Background

Both the monitoring and the response components of pH use ideas introduced in [16]. What follows is a description of our original testing methodology, with which we gathered on-line data for off-line analysis. Subsequent sections explain how these techniques were modified to create pH.

To review, we monitored all the system calls (without arguments) made by an executing program on a per-process basis. That is, each time a process was invoked, we began a new trace, logging all the system calls for that process. Thus, for every process the trace consists of an ordered list (a time-series) of the system calls it made during its execution. For commonly executed programs, especially those that run with privilege, we collected such traces over many invocations of the program, when it was behaving normally. We then used the collection of all such traces (for one program) to develop an empirical model of its normal behavior.

Once the system had been trained on a sufficient number of normal program executions, the model was tested on subsequent invocations of the program. The hope was that the model would recognize most normal behavior as ``normal'' and most attacks as ``abnormal.'' Our method thus falls into the category of anomaly intrusion detection.

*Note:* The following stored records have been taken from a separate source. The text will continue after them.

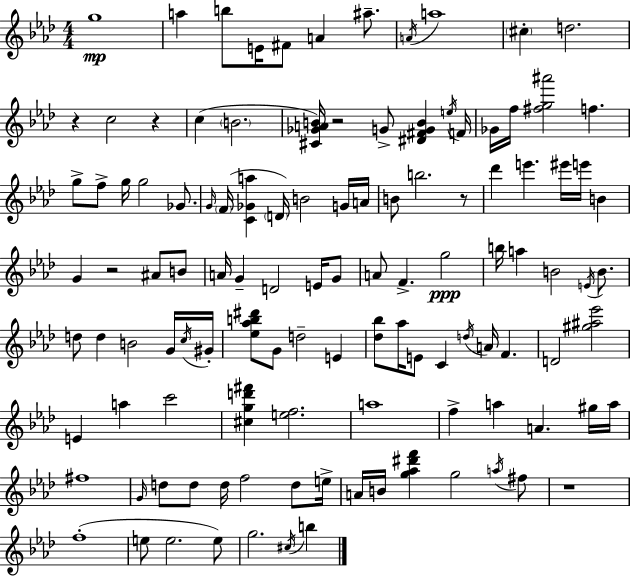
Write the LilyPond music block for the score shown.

{
  \clef treble
  \numericTimeSignature
  \time 4/4
  \key aes \major
  \repeat volta 2 { g''1\mp | a''4 b''8 e'16 fis'8 a'4 ais''8.-- | \acciaccatura { a'16 } a''1 | \parenthesize cis''4-. d''2. | \break r4 c''2 r4 | c''4( \parenthesize b'2. | <cis' ges' a' b'>16) r2 g'8-> <dis' fis' g' b'>4 | \acciaccatura { e''16 } f'16 ges'16 f''16 <fis'' g'' ais'''>2 f''4. | \break g''8-> f''8-> g''16 g''2 ges'8. | \grace { g'16 } \parenthesize f'16( <c' ges' a''>4 \parenthesize d'16) b'2 | g'16 a'16 b'8 b''2. | r8 des'''4 e'''4. eis'''16 e'''16 b'4 | \break g'4 r2 ais'8 | b'8 a'16 g'4-- d'2 | e'16 g'8 a'8 f'4.-> g''2\ppp | b''16 a''4 b'2 | \break \acciaccatura { e'16 } b'8. d''8 d''4 b'2 | g'16 \acciaccatura { c''16 } gis'16-. <ees'' aes'' b'' dis'''>8 g'8 d''2-- | e'4 <des'' bes''>8 aes''16 e'8 c'4 \acciaccatura { d''16 } a'16 | f'4. d'2 <gis'' ais'' ees'''>2 | \break e'4 a''4 c'''2 | <cis'' g'' d''' fis'''>4 <e'' f''>2. | a''1 | f''4-> a''4 a'4. | \break gis''16 a''16 fis''1 | \grace { g'16 } d''8 d''8 d''16 f''2 | d''8 e''16-> a'16 b'16 <g'' aes'' dis''' f'''>4 g''2 | \acciaccatura { a''16 } fis''8 r1 | \break f''1-.( | e''8 e''2. | e''8) g''2. | \acciaccatura { cis''16 } b''4 } \bar "|."
}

Given a collection of system call traces, how do we use them to construct a model? This is an active area of research in the field of machine learning, and there are literally hundreds of good methods available to choose from, including hidden Markov models, decision trees, neural networks, and a variety of methods based on deterministic finite automata (DFAs). We chose the simplest method we could think of within the following constraints. First, the method must be suitable for on-line training and testing. That is, we must be able to construct the model ``on the fly'' in one pass over the data, and both training and testing must be efficient enough to be performed in real-time. Next, the method must be suitable for large alphabet sizes. Our alphabet consists of all the different system calls--typically about 200 for UNIX systems. Finally, the method must create models that are sensitive to common forms of intrusion. Traces of intrusions are often 99% the same as normal traces, with very small, temporally clumped deviations from normal behavior. In the following, we describe a simple method, which we call ``time-delay embedding'' [16]. Warrender [38] compared time-delay embedding with several other common machine learning algorithms and discovered that it is remarkably accurate and efficient in this domain.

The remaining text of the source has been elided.